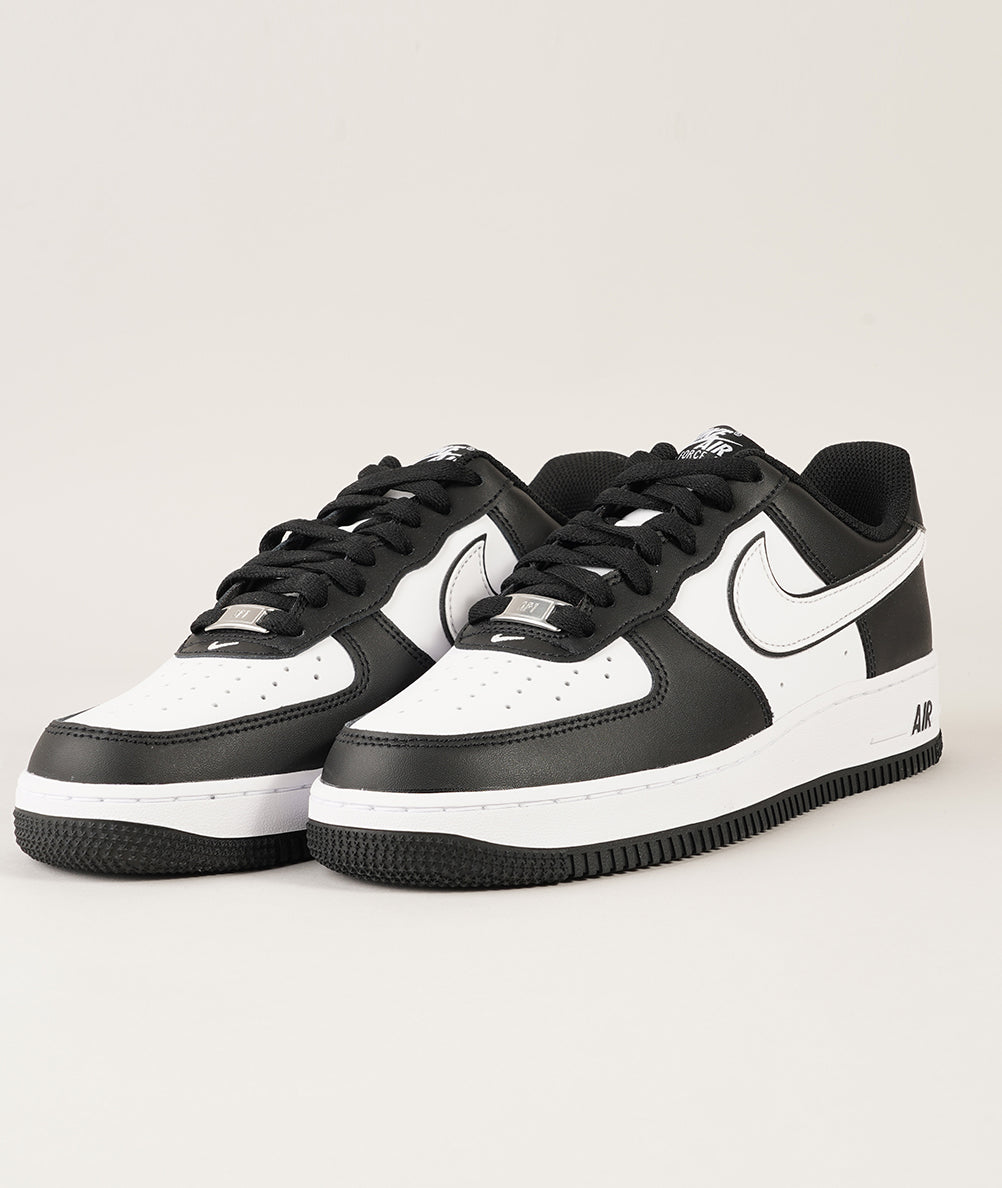 
                  
                    NIKE AIR FORCE 1 '07
                  
                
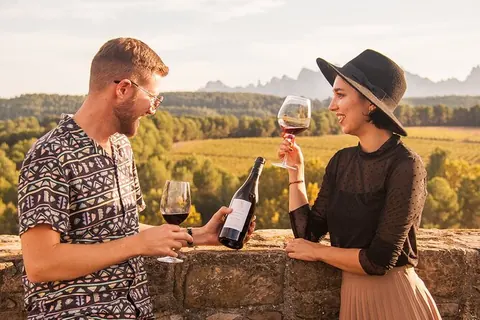 From Barcelona: Half-Day Montserrat, Tapas & Wine Tour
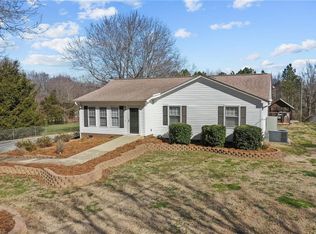 275 Edgewood Church Rd, Mebane, NC 27302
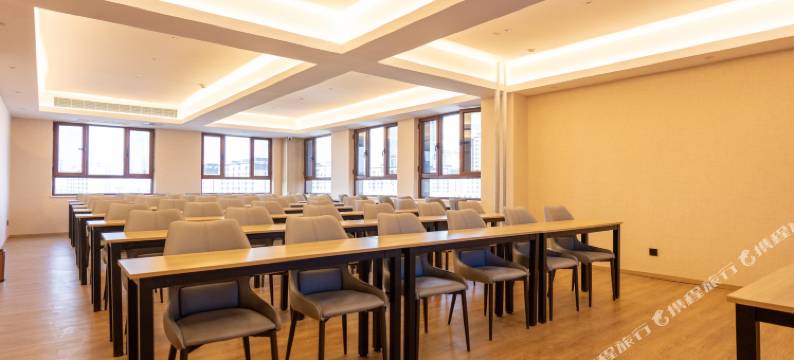 诗卉电影电竞酒店(唐山丰润区大麦广场店)图片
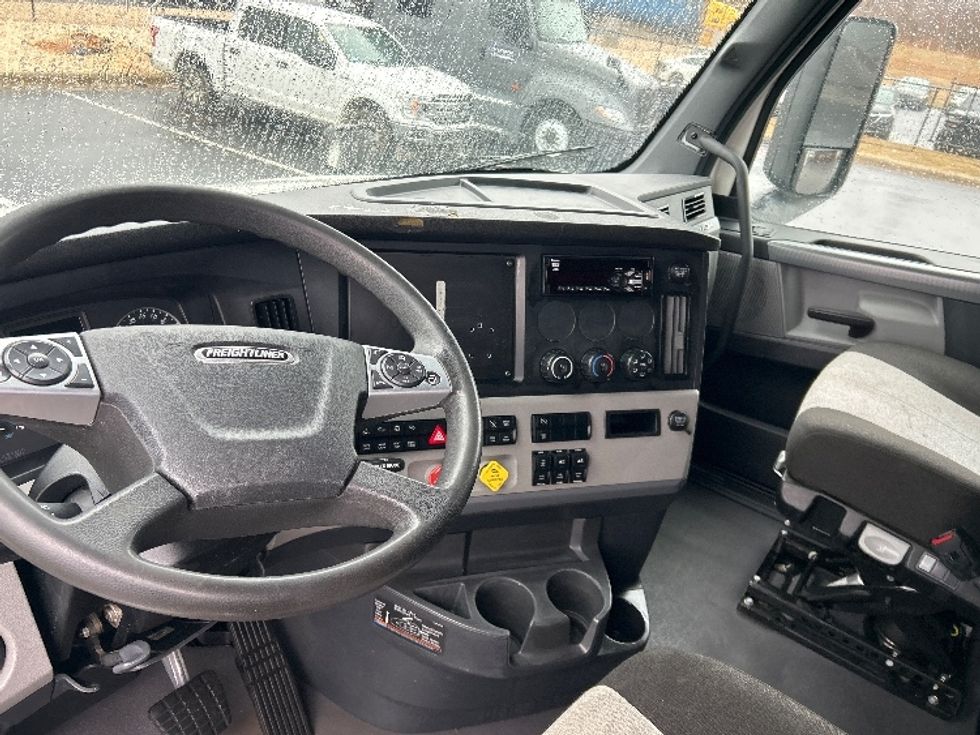 Sleeper Tractor-Heavy Duty Tractors-Freightliner-2020-T12664ST-Greensboro-NC-288,566\n\t\tmiles-$ 69,250 - Image 10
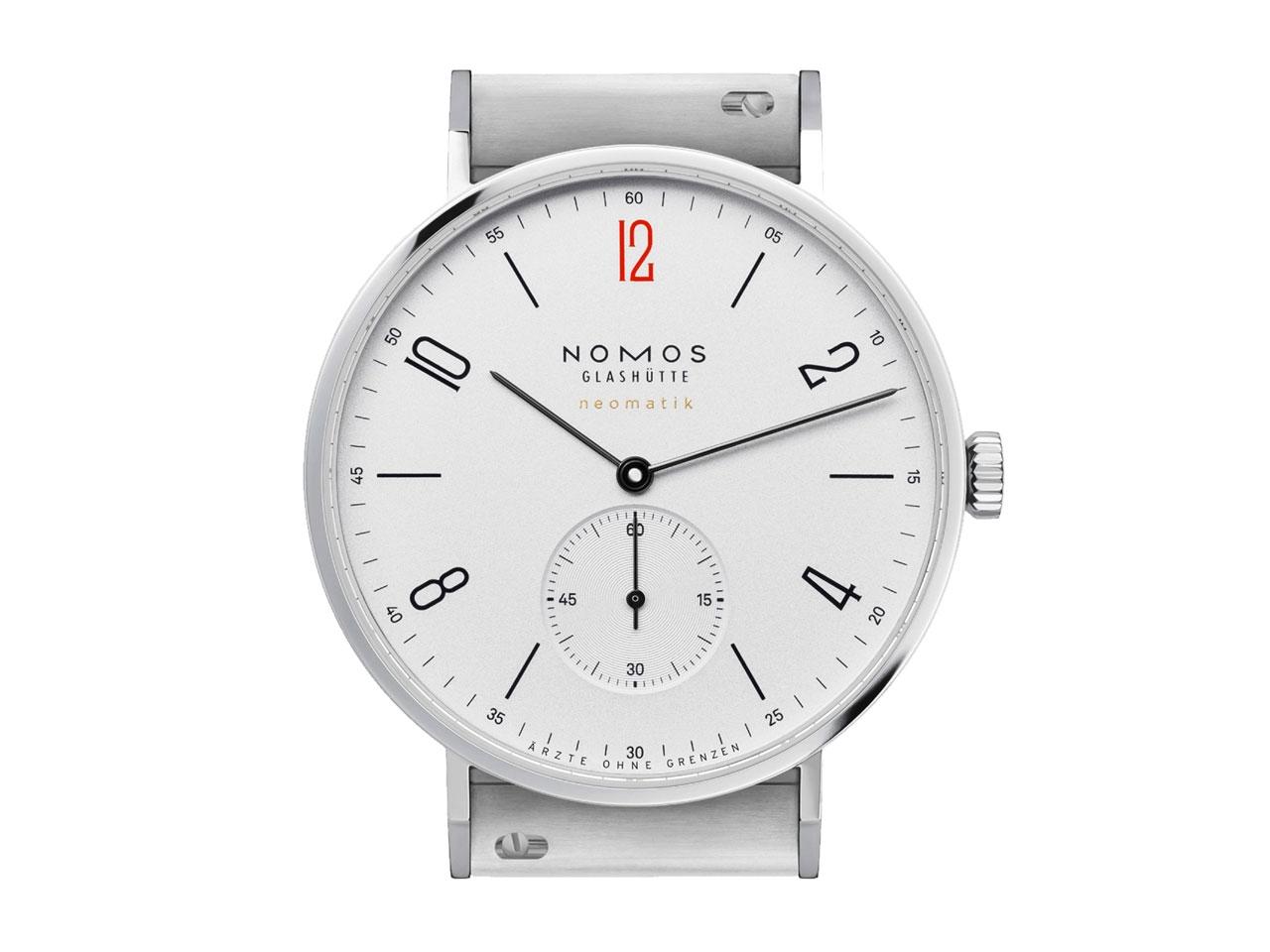 Nomos Glashütte Tangente 39 neomatik für Ärzte ohne Grenzen Automatik Edelstahl 39mm weißes Zifferblatt Metallband – Damenuhren Uhr ohne Datum aus Edelstahl. Das Gehäuse ist rund und silber. Das Edelstahlarmband ist schwarz. Das Zifferblatt ist arabisch Index und silber. – Ansicht 2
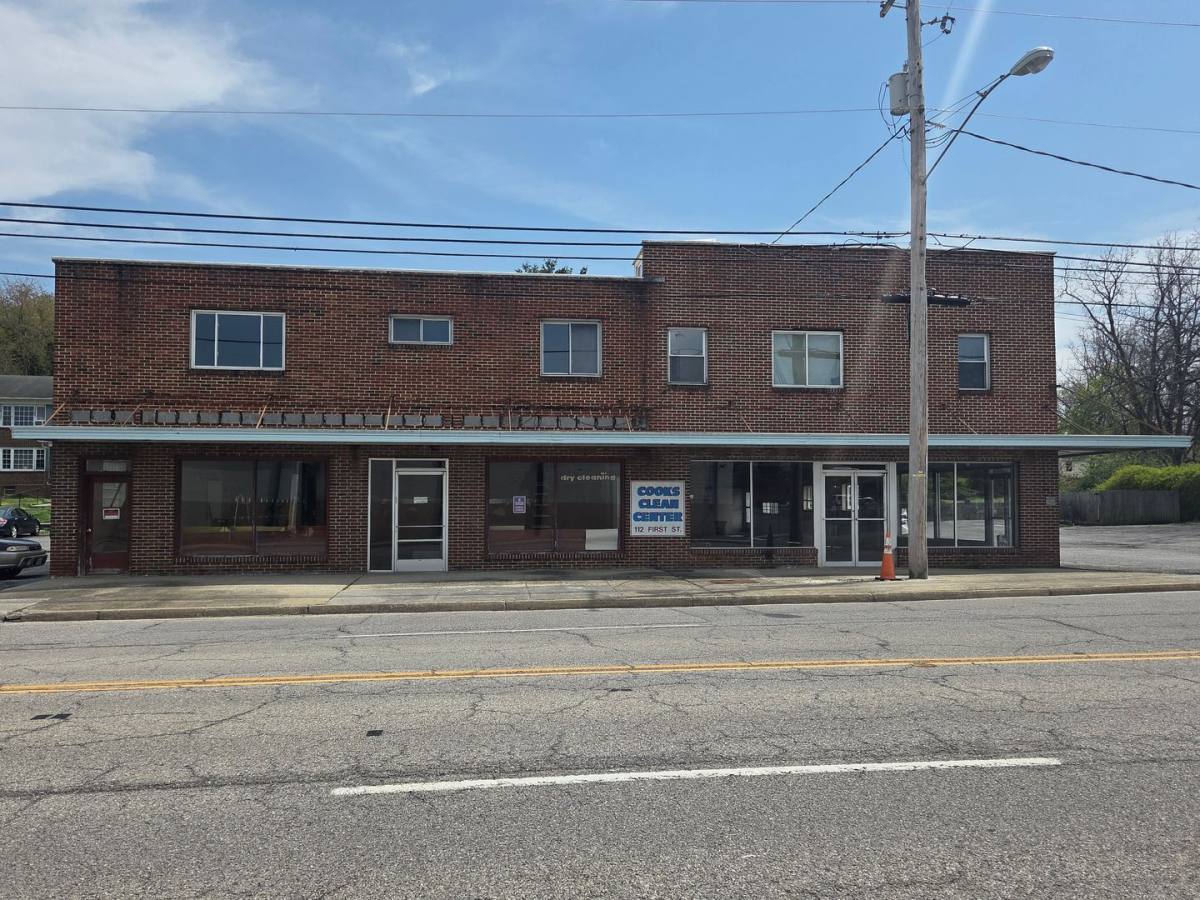 Apartment for rent at 112 First St SE, Christiansburg, VA 24073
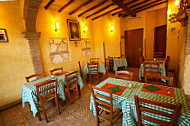 Le Tre Piramidi inside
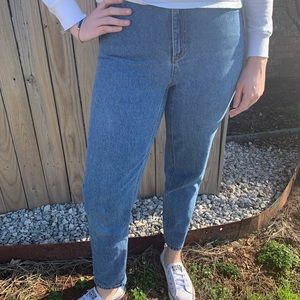 The Perfect Mom Jeans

◇ ◇ ◇

[Work instruction] Your copy must match the records above word for word and contain no pictures.

[Output]
                    NIKE AIR FORCE 1 '07
                  
                
 From Barcelona: Half-Day Montserrat, Tapas & Wine Tour
 275 Edgewood Church Rd, Mebane, NC 27302
 诗卉电影电竞酒店(唐山丰润区大麦广场店)图片
 Sleeper Tractor-Heavy Duty Tractors-Freightliner-2020-T12664ST-Greensboro-NC-288,566\n\t\tmiles-$ 69,250 - Image 10
 Nomos Glashütte Tangente 39 neomatik für Ärzte ohne Grenzen Automatik Edelstahl 39mm weißes Zifferblatt Metallband – Damenuhren Uhr ohne Datum aus Edelstahl. Das Gehäuse ist rund und silber. Das Edelstahlarmband ist schwarz. Das Zifferblatt ist arabisch Index und silber. – Ansicht 2
 Apartment for rent at 112 First St SE, Christiansburg, VA 24073
 Le Tre Piramidi inside
 The Perfect Mom Jeans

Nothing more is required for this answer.